Bill divides the north
Hay River and Inuvik to be cut in half

Daniel MacIsaac
Northern News Services

NNSL (July 12/99) - The government's proposed electoral boundaries bill is not just dividing the territory's people, it's also dividing its towns.

Bill 15 was sparked by a March 5 Supreme Court ruling and proposes to add five seats to the 14-member legislature -- three to Yellowknife and one each to Hay River and Inuvik.

The issue has pitted Aboriginals against non-Aboriginals and the territory's urban centres against the smaller communities and rural ridings.

While most people appear resigned to the bill going forward and a series of public hearings that ended Wednesday were poorly attended, a number of novel suggestions did result.

MLA Jane Groenewegen attended the hearing in her home riding of Hay River on Tuesday night.

"I've said all along that I'm not pleased about taking another MLA into Hay River," she said, "but we're given no choice."

Groenewegen said dividing the riding is preferable to some of the other proposed solutions -- like not adding MLAs to the assembly, but rather, drastically redrawing the riding boundaries so that, as in one scenario, Hay River's Vale Island and its 500 residents would become part of the Deh Cho.

"There's no way I can support that idea," said Groenewegen. "That would be globbing a significant component of Hay River to a well-established one from Vale Island could ever get elected."

The proposed Bill 15 splits Hay River along existing enumeration lines and sees approximately 1,500 people in the north riding and 2,000 in the south.

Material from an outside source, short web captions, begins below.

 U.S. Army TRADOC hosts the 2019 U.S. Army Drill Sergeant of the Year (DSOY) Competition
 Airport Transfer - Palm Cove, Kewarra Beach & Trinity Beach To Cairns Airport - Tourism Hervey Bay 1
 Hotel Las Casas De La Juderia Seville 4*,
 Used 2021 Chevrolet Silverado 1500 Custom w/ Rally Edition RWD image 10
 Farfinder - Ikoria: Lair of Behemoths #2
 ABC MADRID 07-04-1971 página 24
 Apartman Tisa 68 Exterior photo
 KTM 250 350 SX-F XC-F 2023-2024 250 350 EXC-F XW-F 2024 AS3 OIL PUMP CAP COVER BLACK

Groenewegen called this "pretty reasonable," but said there's also been talk of having one large riding represented by two MLAs -- an idea that has also been discussed in both Inuvik and Yellowknife.

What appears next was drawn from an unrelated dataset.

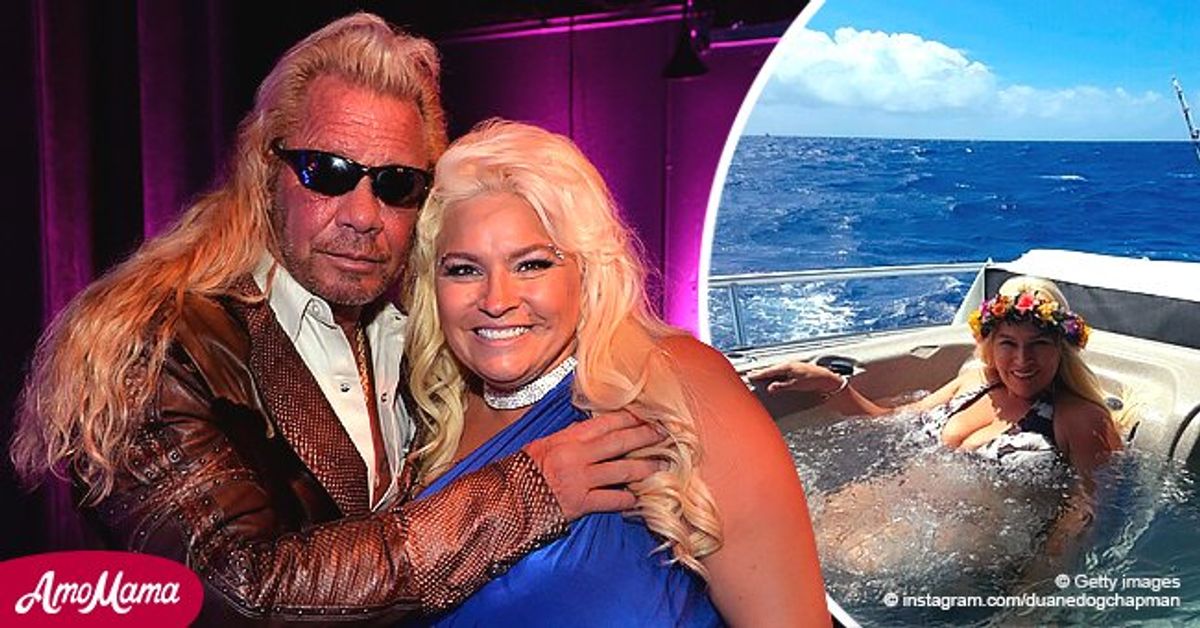 Duane Chapman Pays Tribute To Late Wife Beth And Calls Himself Her ...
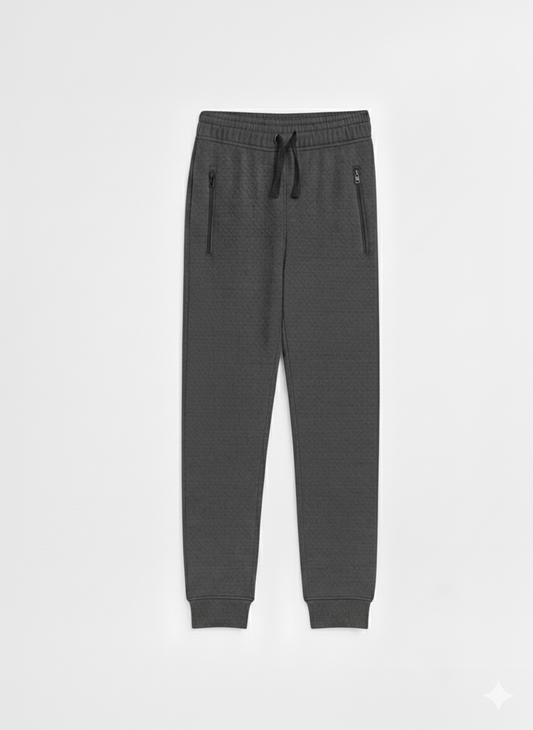 Dotad Grey Classic Trouser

"Being the incumbent and having served the whole community on both sides of the border, it will be difficult telling people I'm not serving them anymore," she said, adding, "but with two MLAs serving the same riding you might also run into the problem where one of them is industrious and the other not -- and things could get kind of crazy."

Groenewegen said she also understood that if such a system were applied to Hay River, it would also have to work in Inuvik and Yellowknife. But when the idea was raised in the capital, Bill 15 committee chairman Roy Erasmus confirmed he felt seven MLAs serving one riding would be too confusing.

Mayor Jack Rowe confirmed his opposition to adding more MLAs but said it appears the government is determined to go ahead with the bill.

"What they've done is potentially put a wedge between the Aboriginal leadership and public government," he said, "but whatever they're going to do, let's get on with it -- in the final analysis the people of the North will learn to live with whatever is adopted, but the only thing they can't live with is procrastination.

"If the government's made the wrong decision, the people will certainly express their concern at voting time."

Inuvik Mayor George Roach said the town council has discussed the impending division in detail -- and said the idea of just electing the top two candidates to serve the two new ridings was also popular there.

"We understand it's probably not possible," he said, "but that's town council's position and we wrote to Mr. Erasmus about it."

Roach said that, in general, he's of two minds about having two ridings and two MLAs in Inuvik.

"We don't want to divide our community -- it's very friendly and cohesive," he said, "but even though (Inuvik MLA Floyd Roland) Floyd is doing a hell of a job, and Jane (Groenewegen) too, two brains are better than one."

"I'm in favour of two MLAs, we just have to figure out how to do it."

Nihtat Gwich'in Chief James Firth first made it clear that as a member of the Western NWT Aboriginal Summit he opposed the court ruling. But he said that in principle he also backed the idea of two MLAs representing one whole riding, though he questioned whether Inuvik needs more than one MLA at all.

He said it is the geographically larger ridings of Mackenzie Delta or Nunakput that might benefit more from division.

"First, we wrote a letter asking to appeal the court ruling," he said, "and number two, I believe if the government is still thinking of adding seats up here, they should look at more than just population and also think of culture and geography.

"Nunakput is a good example -- because in Yellowknife you can jump in a car and travel to the other ridings, but there you have to get in a sled and travel for 10 days to hit all the communities."

Erasmus and the committee must present their recommendations on Bill 15 in the assembly on July 26.